Maxim's He, who has long rated Sina a "sell," upped her rating in the shares to "hold" on Friday, citing the potential for revenue growth at the company's social media platform most frequently identified as China's version of Twitter.
Yet not all is go-go growth at Sina, says He. Weibo is certainly popular but traffic has begun to mature, a fancy way of saying it's not growing. It's hit a plateau. He referred to Weibo's current predicament as suffering from "stale" traffic growth.
"Traffic is one of the risks there," the New York-based analyst said over the phone. "If I have a 'hold,' there's got to be something I'm concerned about so at the end of the day, traffic is what I'm concerned about."
Sina was dropping 1.5% to $55.74 in afternoon trading.
But He also pointed out that on the flipside, Weibo, launched in 2009, is still a relatively young business that has just started to really grow revenue. So as long as they can keep user activity going and find new and compelling products to add to the service, its revenue upside should remain promising.
"Its revenue side is far away from mature," said He.
The Maxim equity analyst explained that her optimism about Weibo's revenue growth was bolstered by the Alibaba deal struck in late April with Sina to invest $586 million for 18% of Weibo's equity.

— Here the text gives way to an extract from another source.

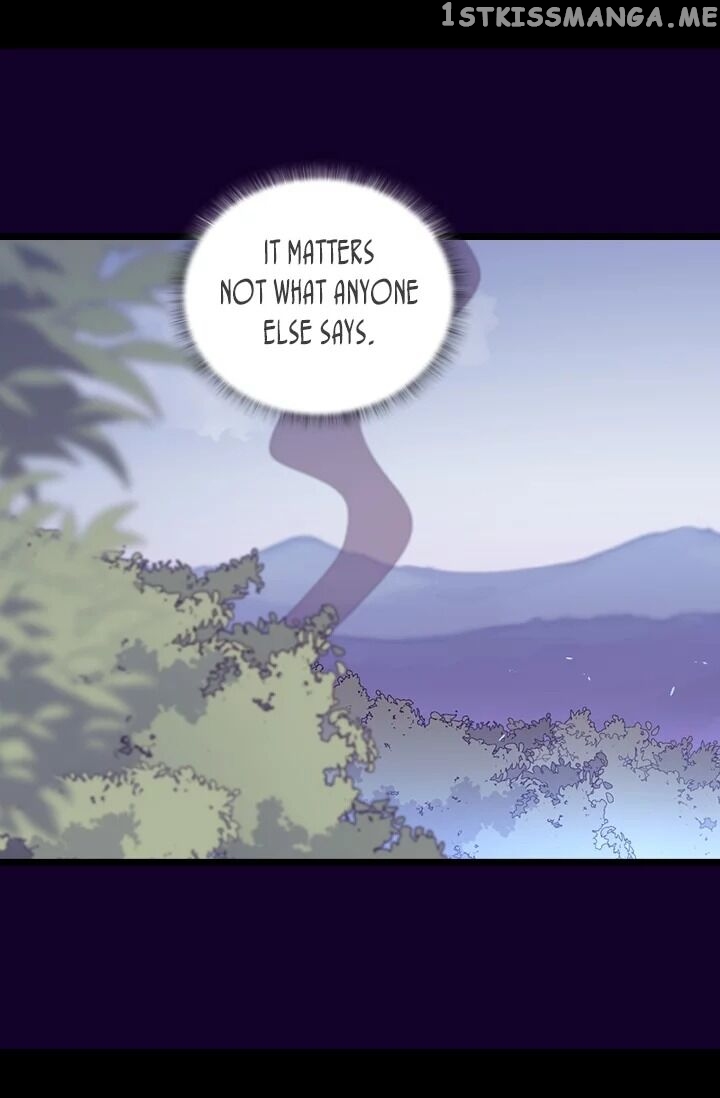 They Say i Was Born a King’s Daughter chapter 177 - page 28
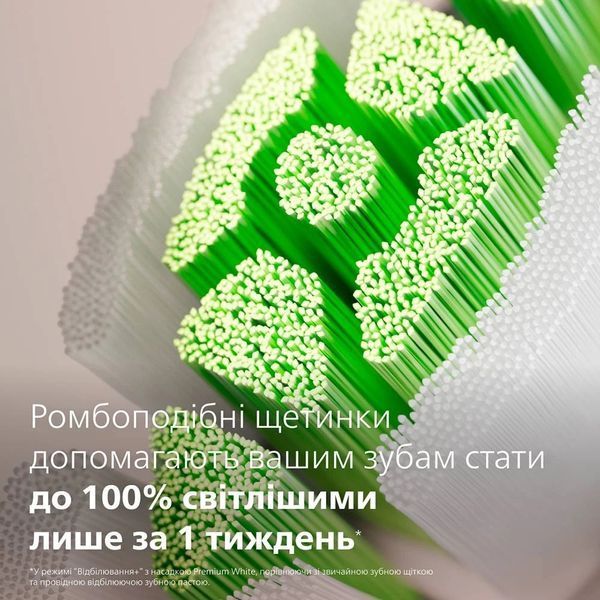 Электрическая зубная щетка Philips Sonicare HX7111/01 (серия 5500), Black HX7111/01 фото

The companies predict that their collaboration could yield about $380 million in advertising and commercial revenue for Weibo over the next three years.
With Alibaba's involvement, He estimates that Weibo's ad revenue could grow by 91% to $261 million or 33% of revenue in 2014 and by 52% to $396 million or 40% total revenue in 2015 from a year ago. She's modeling $137 million in ad revenue generation from Weibo this year, with 10% to 15% of that attributable to the Alibaba collaboration.